In [1]:
import pandas as pd
import numpy as np
import nltk
import re
import matplotlib.pyplot as plt
import seaborn as sns

# Download necessary NLTK resources
nltk.download('punkt')
nltk.download('stopwords')
nltk.download('wordnet')

from nltk.corpus import stopwords
from nltk.tokenize import word_tokenize
from nltk.stem import WordNetLemmatizer
from textblob import TextBlob

[nltk_data] Downloading package punkt to /home/deepak/nltk_data...
[nltk_data]   Package punkt is already up-to-date!
[nltk_data] Downloading package stopwords to /home/deepak/nltk_data...
[nltk_data]   Package stopwords is already up-to-date!
[nltk_data] Downloading package wordnet to /home/deepak/nltk_data...
[nltk_data]   Package wordnet is already up-to-date!


In [2]:
# Step 1: Load and Explore Dataset
file_path = '/home/deepak/dsciProject/new/new_new_song_lyrics.csv'

def load_and_explore_dataset(file_path):
    try:
        df = pd.read_csv(file_path, encoding='utf-8')
        print(f"Total entries: {len(df)}")
        print("\nLanguage Distribution:")
        print(df['language'].value_counts())
        print("\nGenre Distribution:")
        print(df['tag'].value_counts().head())
        df_english = df[df['language'] == 'en'].copy()
        print(f"\nEnglish lyrics count: {len(df_english)}")
        return df_english
    except Exception as e:
        print(f"Error: {e}")
        return None

df_english = load_and_explore_dataset(file_path)

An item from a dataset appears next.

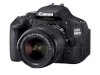 Canon EOS 600D (EOS Rebel T3i / EOS Kiss X5) (18-55mm F3.5-5.6 IS II) Lens Kit_small 0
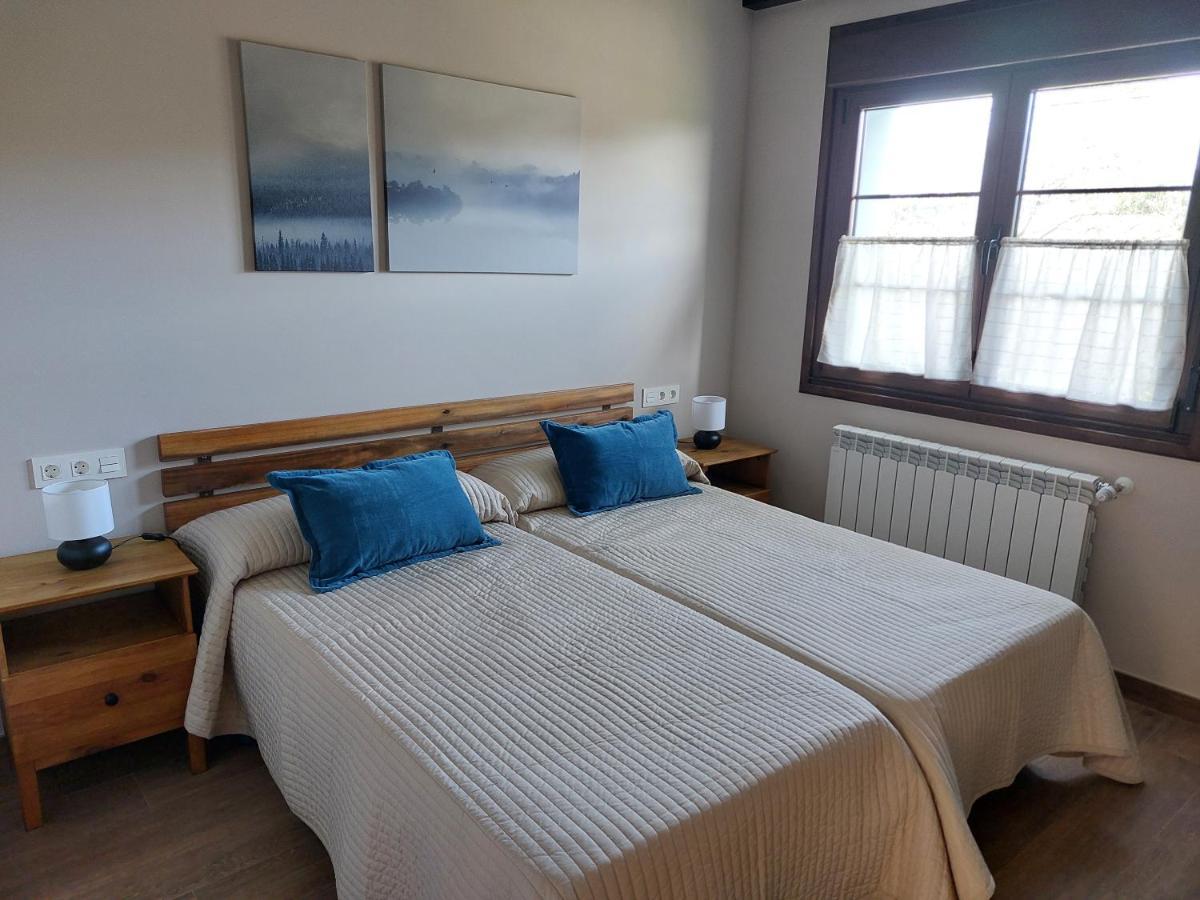 Apartamentos Casa Reconco لوانكو المظهر الخارجي الصورة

Error: Error tokenizing data. C error: EOF inside string starting at row 2667951


In [3]:
# Step 2: Clean Lyrics
def clean_lyrics(text):
    if not isinstance(text, str):
        return ""
    text = text.lower()
    text = re.sub(r'\[.*?\]', '', text)
    text = re.sub(r'[^a-z\s]', '', text)
    text = re.sub(r'\s+', ' ', text).strip()
    return text

In [4]:
# Step 3: Remove Stopwords
def remove_stopwords(text):
    stop_words = set(stopwords.words('english'))
    word_tokens = word_tokenize(text)
    return ' '.join([word for word in word_tokens if word not in stop_words])

In [None]:
# Step 4: Preprocess Dataset
def preprocess_lyrics_dataset(df):
    df['cleaned_lyrics'] = df['lyrics'].apply(clean_lyrics)
    df['processed_lyrics'] = df['cleaned_lyrics'].apply(remove_stopwords)
    return df

if df_english is not None:
    df_processed = preprocess_lyrics_dataset(df_english)

In [None]:
# Step 5: Sentiment Analysis
def analyze_lyrics_sentiment(text):
    blob = TextBlob(text)
    polarity = blob.sentiment.polarity
    subjectivity = blob.sentiment.subjectivity
    sentiment = 'Positive' if polarity > 0.05 else 'Negative' if polarity < -0.05 else 'Neutral'
    return {'sentiment': sentiment, 'polarity': polarity, 'subjectivity': subjectivity}

df_processed['sentiment_analysis'] = df_processed['processed_lyrics'].apply(analyze_lyrics_sentiment)
df_processed['sentiment'] = df_processed['sentiment_analysis'].apply(lambda x: x['sentiment'])
df_processed['polarity'] = df_processed['sentiment_analysis'].apply(lambda x: x['polarity'])
df_processed['subjectivity'] = df_processed['sentiment_analysis'].apply(lambda x: x['subjectivity'])

In [None]:
# Step 6: Visualization
def visualize_sentiment_distribution(df):
    plt.figure(figsize=(12, 5))
    plt.subplot(1, 2, 1)
    df['sentiment'].value_counts().plot(kind='pie', autopct='%1.1f%%')
    plt.title('Sentiment Distribution')
    plt.subplot(1, 2, 2)
    df.groupby('tag')['sentiment'].value_counts(normalize=True).unstack().plot(kind='bar', stacked=True)
    plt.title('Sentiment by Genre')
    plt.tight_layout()
    plt.show()

visualize_sentiment_distribution(df_processed)

In [None]:
# Save Processed Data
df_processed.to_csv('processed_genius_lyrics_dataset.csv', index=False)